A Taste Of Business: The Weird World of VAT
January 26 @ 14:15-15:00 - REGISTER HERE
In The Weird World Of Value Added Tax (VAT), Dr Sarah Lindop, Senior Lecturer from Aberystwyth Business School, will explore this key company reporting requirement in relation to the setting of financial objectives, analysing financial performance, and financial decision making.
The webinar will focus on:
- How VAT works and how is it collected?
- The difference between input VAT and output VAT
- The different rates of VAT
- The different items that fall under the different rates and the implications of this- the weird and the bizarre!!!
A Taste of Astrophysics: Space Exploration
February 2 @ 14:15-15:00 - REGISTER HERE
In Space Exploration – A Taste of Astrophysics, an interactive lecture, physicists from Aberystwyth University will discuss how we are working on current and future space exploration missions. Students will be asked regular questions during the session and are free to asks questions throughout.

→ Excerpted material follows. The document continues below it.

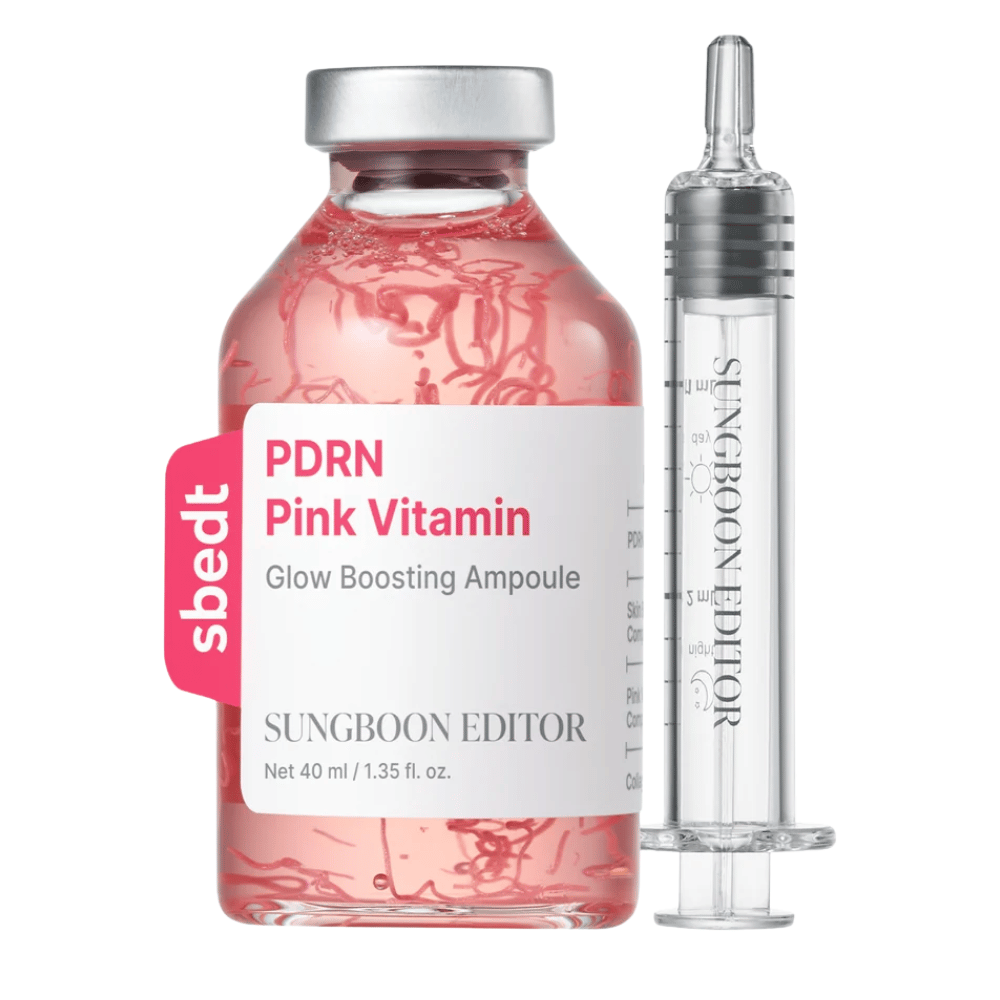 8. SUNGBOON EDITOR PDRN Pink Vitamin Glow Boosting Ampoule 40 ml – różowa szklana butelka z dołączonym przezroczystym aplikatorem na białym tle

Physicists are central to our understanding of the universe and our place in it; from our local environment here on Earth to our Solar System and the understanding of our source of life – our star the Sun – all the way out to far reaching explorations of further systems.
In this session, we will discuss some of the research physicists at Aberystwyth University are involved in and the skills they need to undertake this exciting research.
A Taste of Criminal Psychology: Understanding Terrorism
February 9 @ 14:15-15:00 - REGISTER HERE
In Understanding Terrorism – A Taste of Criminal Psychology, Jen Phipps from the Department of Law & Criminology offers students the opportunity to see how psychology can help us to explain and understand a certain type of crime, so that we might better police and prevent it.
The session will provide an overview of how terrorist organisations manipulate ‘fear’ for their own agenda.
Students will be given an insight in to the power of psychology and how it empowers and facilitates extremist and terrorist ideals, for their own agenda.
A Taste of Geography: Antarctic Ice Shelves in a Warming World
February 23 @ 14:15-15:00 - REGISTER HERE
In Antarctic Ice Shelves in a Warming World, Dr Tom Holt from the Department of Geography & Earth Sciences introduces Antarctica’s ice shelves, their significance and importance, and how they have responded to a warming world. At the end of the session students should be able to:
- Define the key characteristics of Antarctica’s ice shelves and name/locate several ice shelves (examined through case studies)
- Demonstrate understanding of the importance of ice shelf systems and their wider significance
- Discuss the glaciological response of ice shelves in a warming world
- Explain how projected environmental change will impact on ice-shelf systems
Various interactive elements will be integrated into the session to engage the students.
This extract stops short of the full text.